Die Amme, die das Neugeborene in die Arme der Mutter zurückgelegt hatte, stand unerwartet vor ihm und Jarik. Sie gestikulierte mit den Händen.
»Gute Frau, habt dank für die Hilfestellung bei dieser schweren Geburt.«
»Ach was, das ist meine Aufgabe als Amme. Ich soll eine Bitte der gewordenen Mutter vortragen.«
»Sprecht und haltet nicht vor.«
»Der Junge soll seinen Namen tragen und bittet um Zustimmung.«
»Welchen Namen soll ihm gegeben werden, der meine Zustimmung bedarf? Ihr macht mich neugierig.«
Sie antwortete nicht, kaute stattdessen auf ihrer Unterlippe und suchte scheinbar nach den rechten Worten. »Herr, sie möchte ihn Yaeko nennen. Ein tapferer Mann soll nicht in Vergessenheit geraten und sie kannte ihn seit vielen Jahren.«
Ben und Jarik sahen sich an und nickten gleichsam mit wissendem Lächeln.
»So soll es sein. Teilt der Mutter meinen Segen mit, sie soll ihren Jungen Yaeko nennen.«
Die Amme nickte und eilte davon.
Ben blieb mit seinem Gefolge über Nacht und feierte die Geburt mit den Bewohnern des Naïnhof-Weilers. Die Gesandten der anderen Weiler, der Höfe und der Burg samt Stadt hatten sich nach der Ausgabe der Waffen auf dem Heimweg begeben. Zu spät vorgeschrittener Zeit saßen Ben und Lerina, allein vor dem Letzten ausbrennendem Lagerfeuer, sich gegenüber.
»Es wird beträchtlich kalt«, stellte sie nüchtern fest, da sie das anhaltende Schweigen versuchte zu brechen.
»Ja, stimmt. Goram erzählte, dass der Winter in diesem, vom Gebirge umschlossenem, Gebiet kälter sei, als anders wo im Land.«
Lerina verzog missgünstig die linke Wange und schnaufte, da dies nicht die Antwort war, die sie erhoffte.

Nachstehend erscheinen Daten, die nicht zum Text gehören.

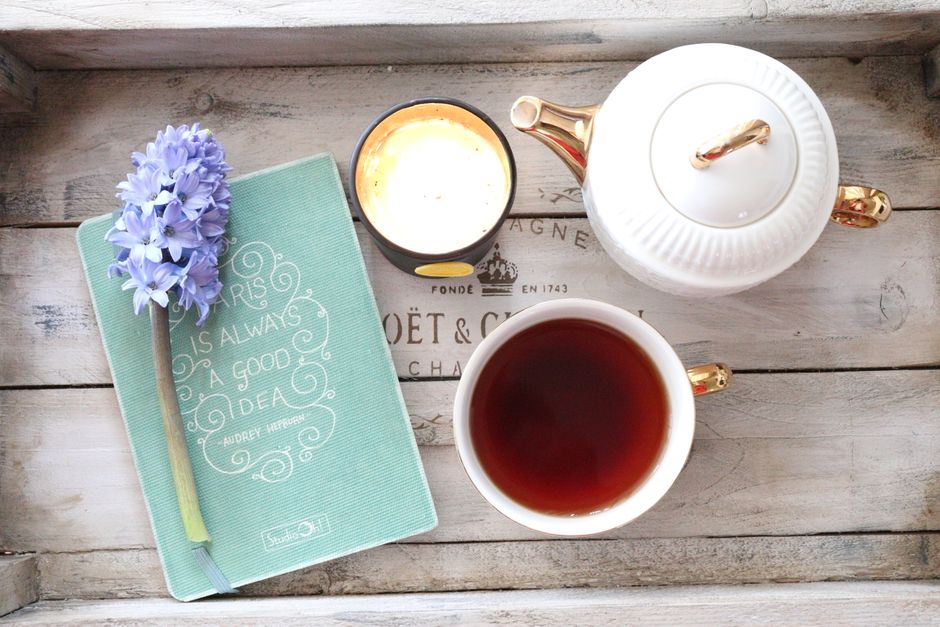 Charming flat lay of tea, notebook, candle, and flower on rustic table.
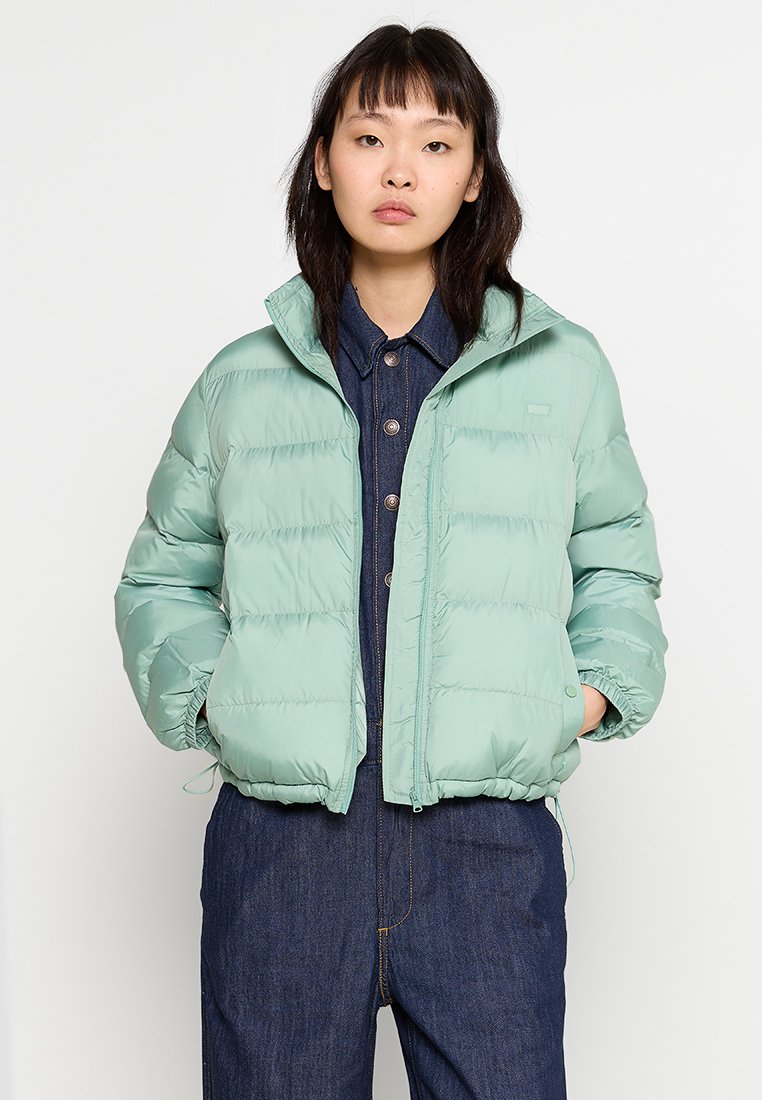 Chaqueta acolchada verde claro con cierre de cremallera en la parte delantera, botones a presión, puños elásticos y un cuello alto. Acabado texturizado con relleno acolchado.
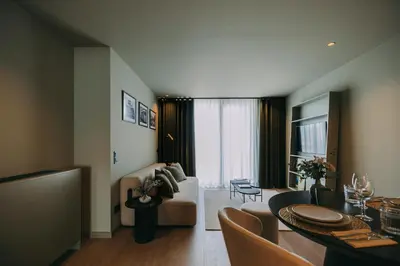 a living room with a table and a living room with a couch at Hotels 705 Porto Prime Home in Porto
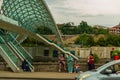 TBILISI, GEORGIA: View over the modern glass Peace bridge. Royalty Free Stock Photo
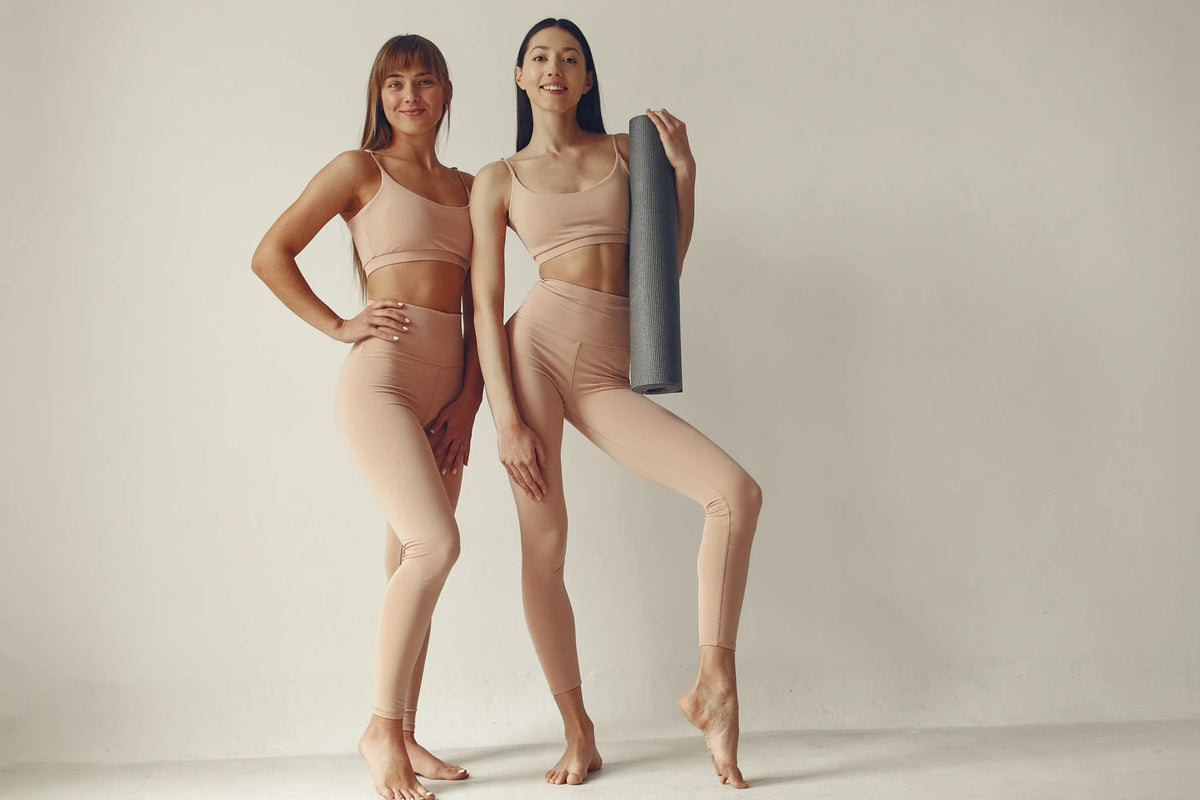 Two women's wearing activewear on white background.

Selbstbewusst erhob sie sich und setzte sich zu seiner Rechten. Er sah verlegen auf und bemerkte aus dem Augenwinkel ihr verschmitztes Lächeln. Er überwandt sich, löste die goldene Spange seines Umhanges und hob diesen über ihre schmalen Schultern, sodass sich beide unter dem wärmenden Überwurf befanden.
»Danke, Herr.«
»Gern doch.« Mit aufschlagenden Augen durchdrang sie seinen Blick und brach das eisige Gestürm, welches sein Herz umgab. Er lächelte und erzählte ihr, ohne dass sie darum bat, von Katrin. Wie er nach Rongard kam, sein erstes Treffen mit Jarik und den übrigen Freunden. Sie hörte ihm Einwandlos zu und nickte ab und an. Vorsichtig führte sie ihre Linke zu seiner Rechten, sobald er ihre Hand auf der seinen fühlte, stockt er kurz und umschloss die gebotene mit der seinen, um sogleich mit seiner Geschichte fortzufahren. Sein Daumen streichelt ihren Handrücken.
Im Gegenzuge erfuhr Ben etwas über ihr Leben und Neigungen. So gestand sie ihm, heimlich auf dem Feld der Bogenschützen zu üben und sei darin gewandter, als mancher seiner Schwertmänner.
Sie ist Katrin noch ähnlicher, als ich bisher anzunehmen vermochte. Ist das vielleicht doch ein Zeichen? Soll Jarik und dieser Hüter Recht behalten? Vielleicht sogar diese unheimliche Stimme des Windes?
»Beweise es mir, bei der anberaumten Wehrübung«, forderte er sie munter auf und sie schlug per Handschlag als geltende Abmachung ein. Da das Feuer letztendlich komplett ausbrannte und die eisige Luft ungemindert an ihren Leibern zerrte, begaben sie sich zu ihren Unterkünften und rollten sich in ihre Decken. Selbstverständlich getrennt, auch wenn Ben sich noch etwas Nähe gewünscht hätte. Gerade, weil er ihr seine Geschichte gebeichtet hatte und sie sich ihm liebevoll anschmiegte, um seine Körperwärme zu genießen. Er vermisste ihre Nähe schon jetzt und wünschte sich mehr davon.